Goal of the exercise:
The records that follow are to be repeated in full, with no pictures retained.

Listed records:
━━━
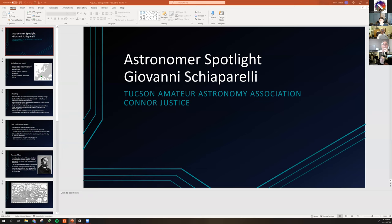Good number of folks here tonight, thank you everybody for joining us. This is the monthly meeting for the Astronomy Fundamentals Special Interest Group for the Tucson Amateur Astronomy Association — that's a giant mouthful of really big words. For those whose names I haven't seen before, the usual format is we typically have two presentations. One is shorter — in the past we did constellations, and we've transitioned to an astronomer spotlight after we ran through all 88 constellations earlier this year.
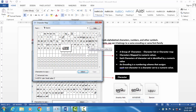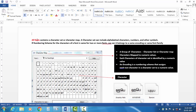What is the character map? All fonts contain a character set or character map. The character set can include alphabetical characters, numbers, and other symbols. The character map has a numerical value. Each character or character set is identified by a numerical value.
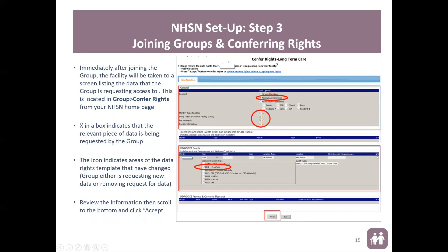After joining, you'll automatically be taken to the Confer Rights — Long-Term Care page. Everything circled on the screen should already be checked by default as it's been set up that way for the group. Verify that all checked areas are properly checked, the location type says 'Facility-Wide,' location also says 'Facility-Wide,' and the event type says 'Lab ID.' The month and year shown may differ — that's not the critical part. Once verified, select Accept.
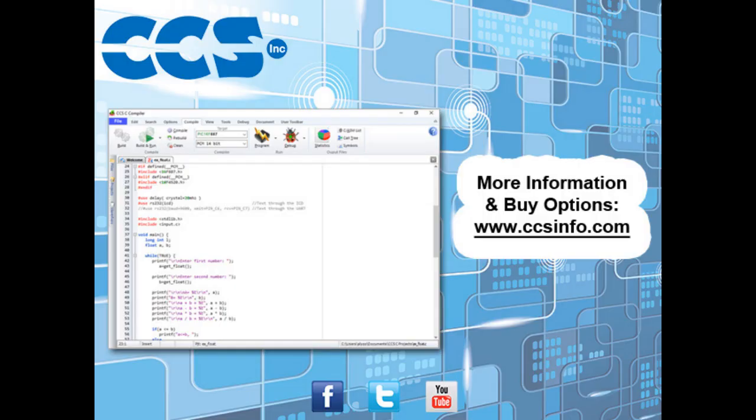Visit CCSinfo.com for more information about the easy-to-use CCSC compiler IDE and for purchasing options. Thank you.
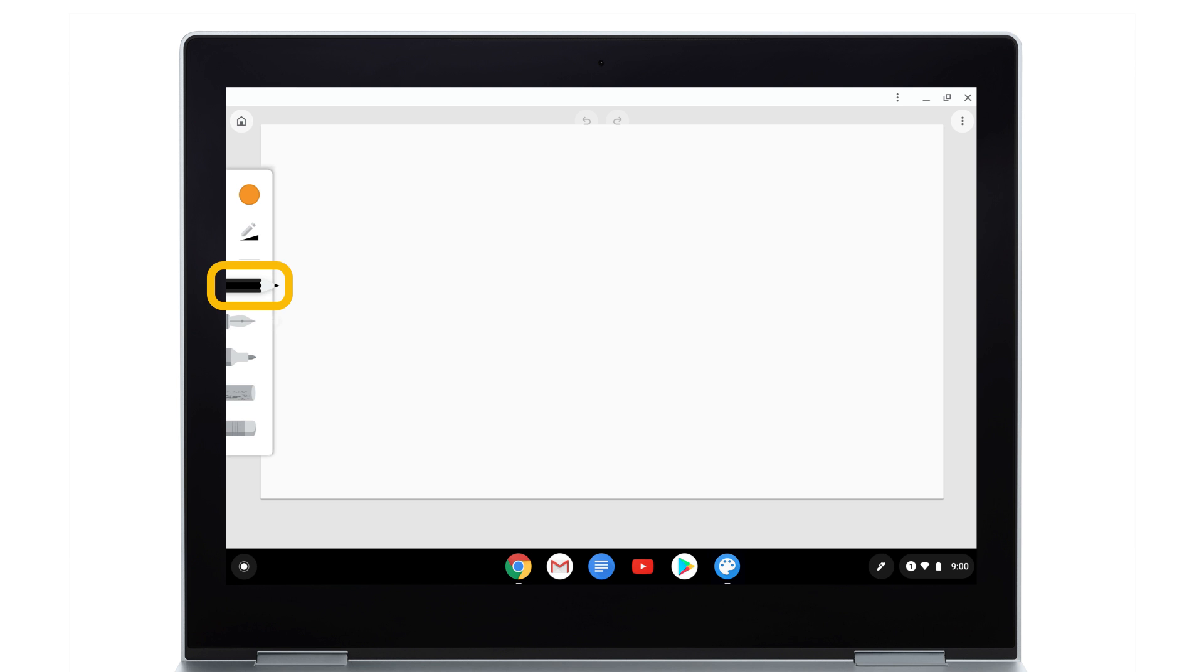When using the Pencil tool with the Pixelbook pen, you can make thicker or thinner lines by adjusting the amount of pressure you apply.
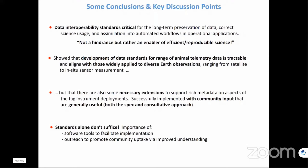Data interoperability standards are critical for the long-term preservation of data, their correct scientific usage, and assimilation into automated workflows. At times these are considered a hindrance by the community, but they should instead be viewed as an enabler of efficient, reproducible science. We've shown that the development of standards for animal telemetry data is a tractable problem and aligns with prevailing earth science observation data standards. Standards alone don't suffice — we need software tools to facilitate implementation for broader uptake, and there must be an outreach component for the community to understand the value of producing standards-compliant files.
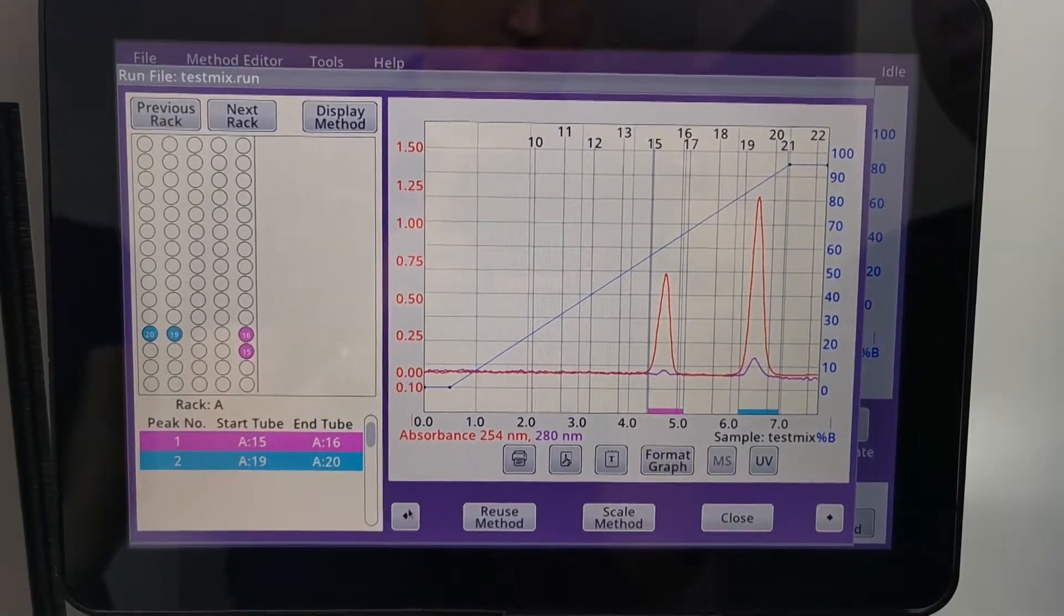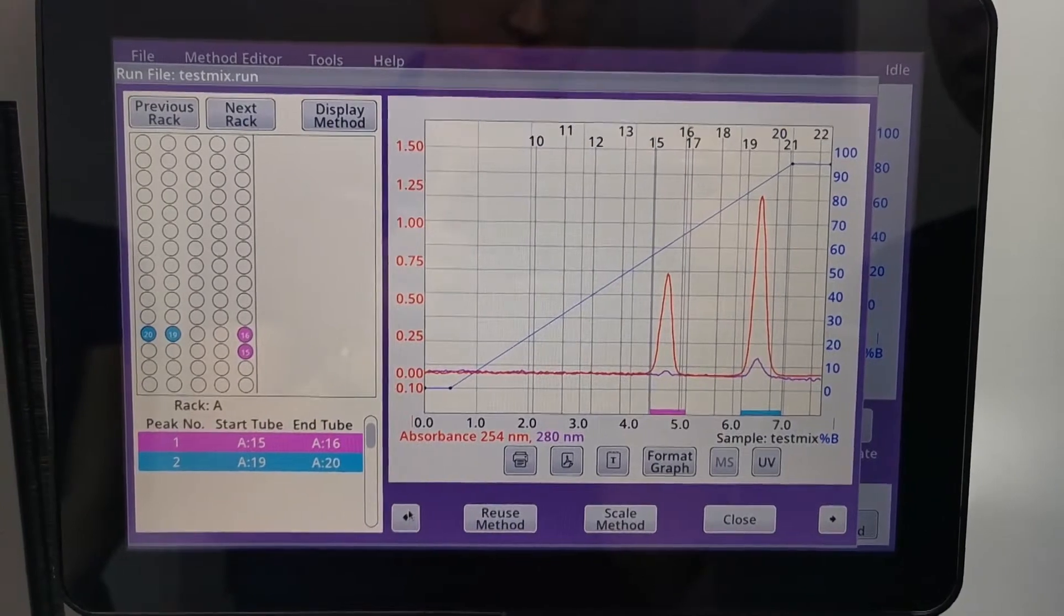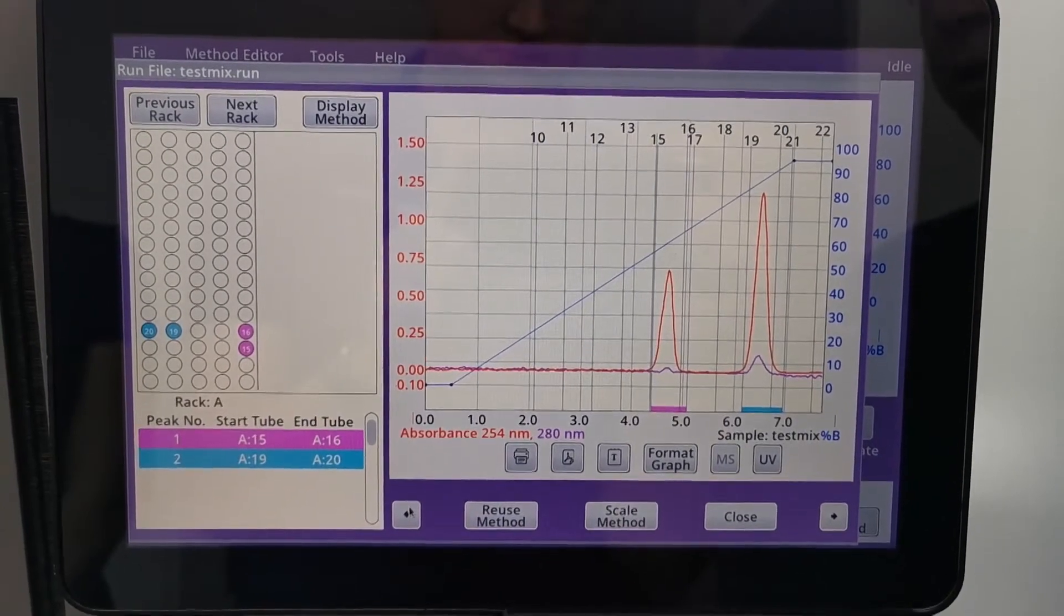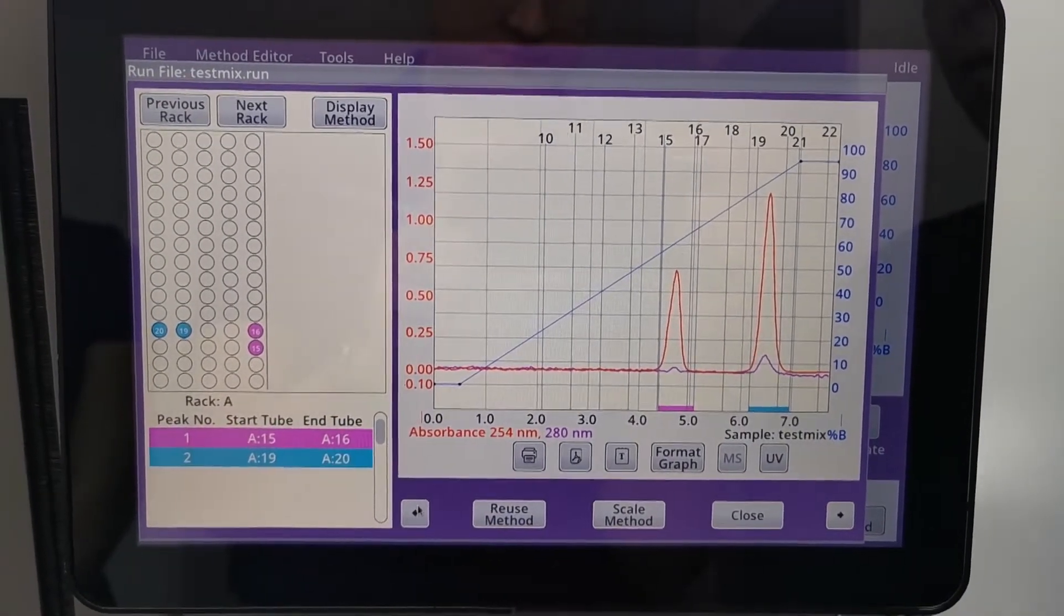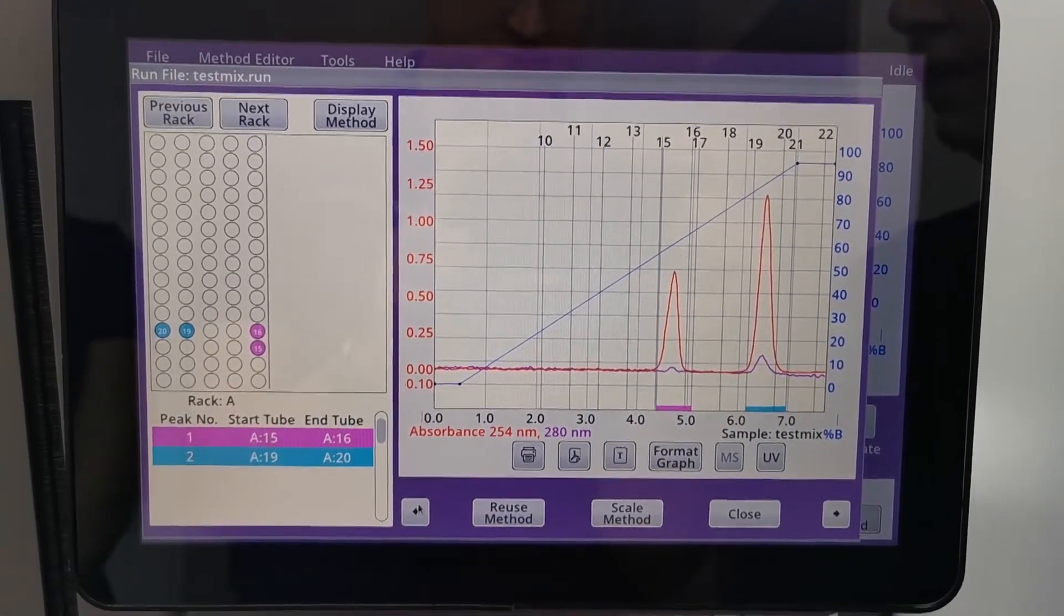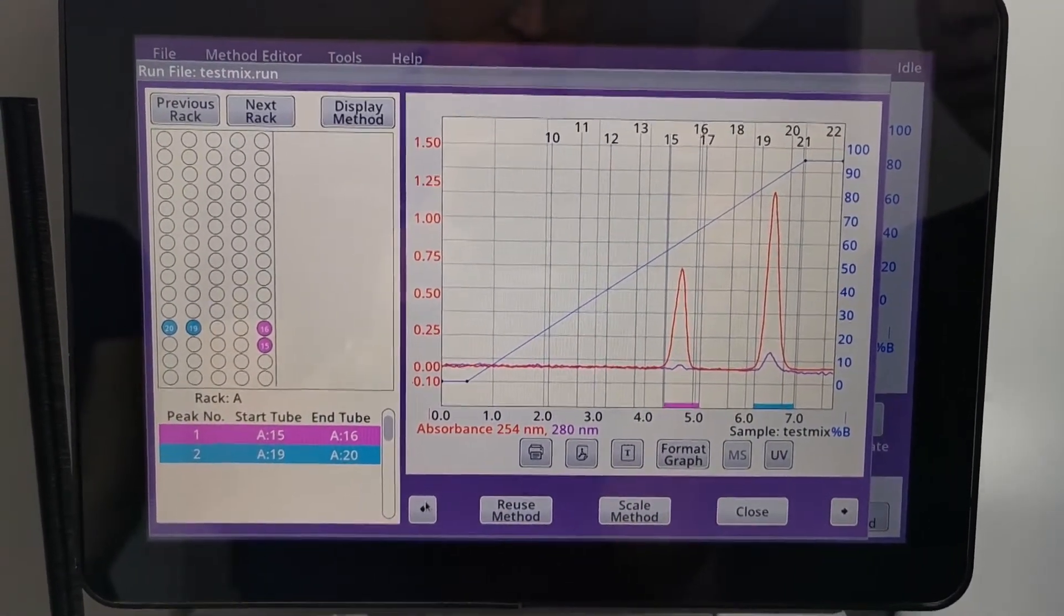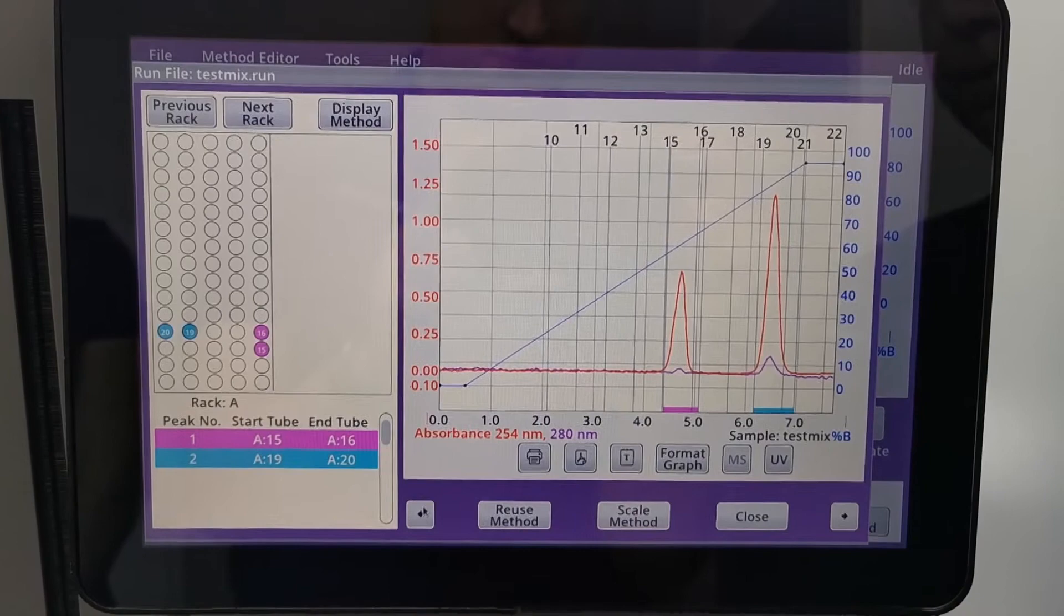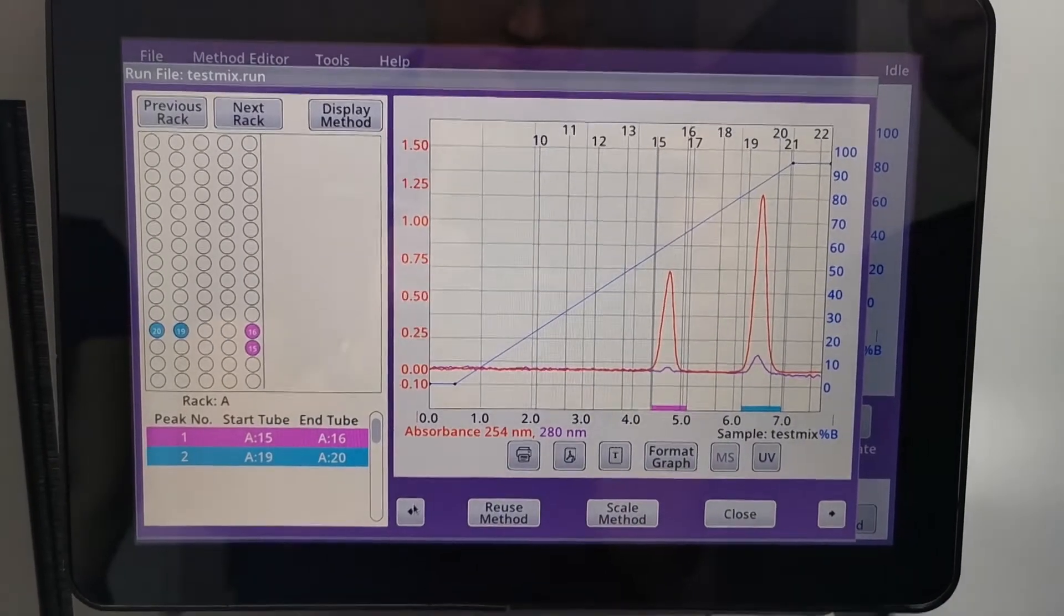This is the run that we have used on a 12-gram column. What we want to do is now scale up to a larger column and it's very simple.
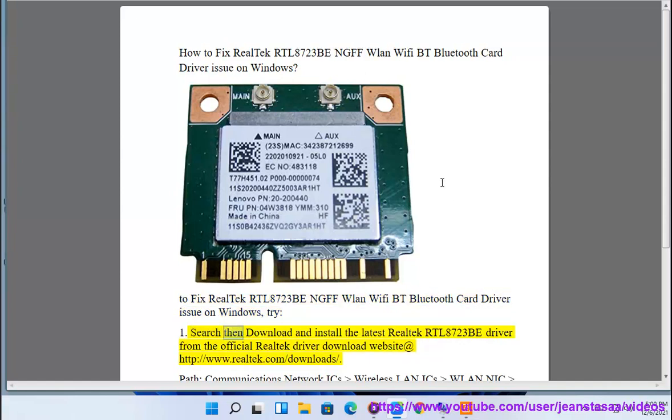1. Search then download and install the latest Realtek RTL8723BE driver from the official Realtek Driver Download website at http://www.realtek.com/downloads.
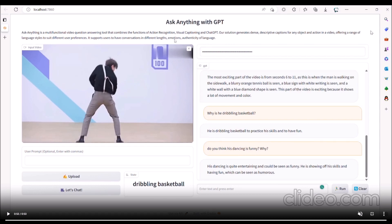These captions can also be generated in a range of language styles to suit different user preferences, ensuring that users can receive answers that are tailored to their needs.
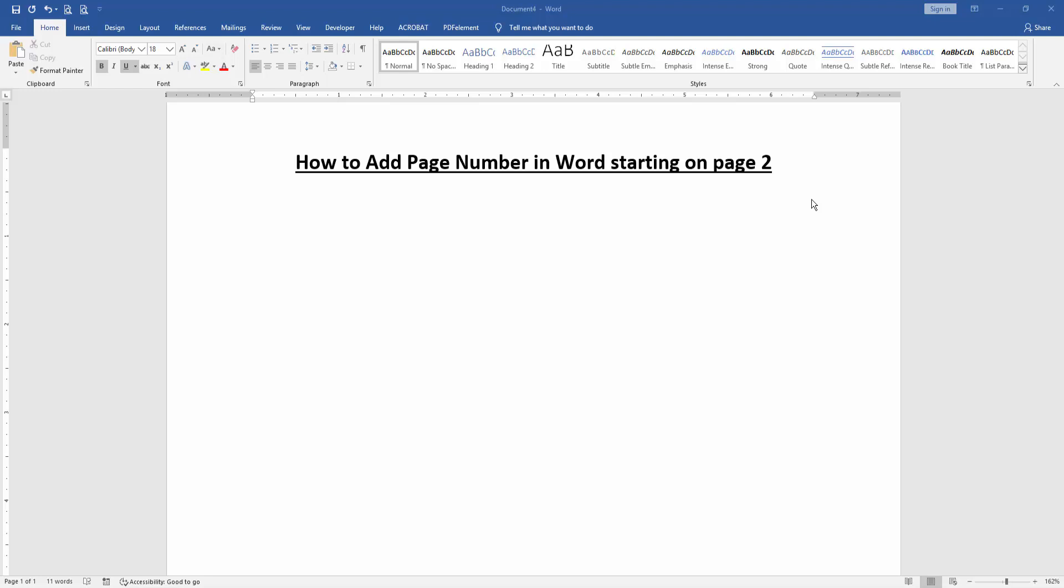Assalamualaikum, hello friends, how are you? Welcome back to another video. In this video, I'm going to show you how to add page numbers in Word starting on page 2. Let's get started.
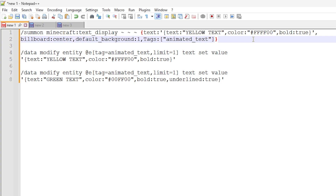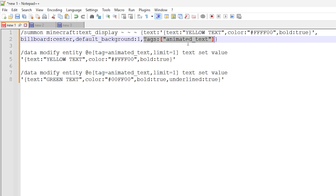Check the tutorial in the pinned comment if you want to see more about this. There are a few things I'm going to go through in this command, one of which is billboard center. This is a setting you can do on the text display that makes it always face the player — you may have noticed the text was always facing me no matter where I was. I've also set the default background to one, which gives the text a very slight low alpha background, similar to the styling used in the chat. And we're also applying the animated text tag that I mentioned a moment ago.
━━━
Response to this task:
Good number of folks here tonight, thank you everybody for joining us. This is the monthly meeting for the Astronomy Fundamentals Special Interest Group for the Tucson Amateur Astronomy Association — that's a giant mouthful of really big words. For those whose names I haven't seen before, the usual format is we typically have two presentations. One is shorter — in the past we did constellations, and we've transitioned to an astronomer spotlight after we ran through all 88 constellations earlier this year.
What is the character map? All fonts contain a character set or character map. The character set can include alphabetical characters, numbers, and other symbols. The character map has a numerical value. Each character or character set is identified by a numerical value.
After joining, you'll automatically be taken to the Confer Rights — Long-Term Care page. Everything circled on the screen should already be checked by default as it's been set up that way for the group. Verify that all checked areas are properly checked, the location type says 'Facility-Wide,' location also says 'Facility-Wide,' and the event type says 'Lab ID.' The month and year shown may differ — that's not the critical part. Once verified, select Accept.
Visit CCSinfo.com for more information about the easy-to-use CCSC compiler IDE and for purchasing options. Thank you.
When using the Pencil tool with the Pixelbook pen, you can make thicker or thinner lines by adjusting the amount of pressure you apply.
Data interoperability standards are critical for the long-term preservation of data, their correct scientific usage, and assimilation into automated workflows. At times these are considered a hindrance by the community, but they should instead be viewed as an enabler of efficient, reproducible science. We've shown that the development of standards for animal telemetry data is a tractable problem and aligns with prevailing earth science observation data standards. Standards alone don't suffice — we need software tools to facilitate implementation for broader uptake, and there must be an outreach component for the community to understand the value of producing standards-compliant files.
This is the run that we have used on a 12-gram column. What we want to do is now scale up to a larger column and it's very simple.
1. Search then download and install the latest Realtek RTL8723BE driver from the official Realtek Driver Download website at http://www.realtek.com/downloads.
These captions can also be generated in a range of language styles to suit different user preferences, ensuring that users can receive answers that are tailored to their needs.
Assalamualaikum, hello friends, how are you? Welcome back to another video. In this video, I'm going to show you how to add page numbers in Word starting on page 2. Let's get started.
Check the tutorial in the pinned comment if you want to see more about this. There are a few things I'm going to go through in this command, one of which is billboard center. This is a setting you can do on the text display that makes it always face the player — you may have noticed the text was always facing me no matter where I was. I've also set the default background to one, which gives the text a very slight low alpha background, similar to the styling used in the chat. And we're also applying the animated text tag that I mentioned a moment ago.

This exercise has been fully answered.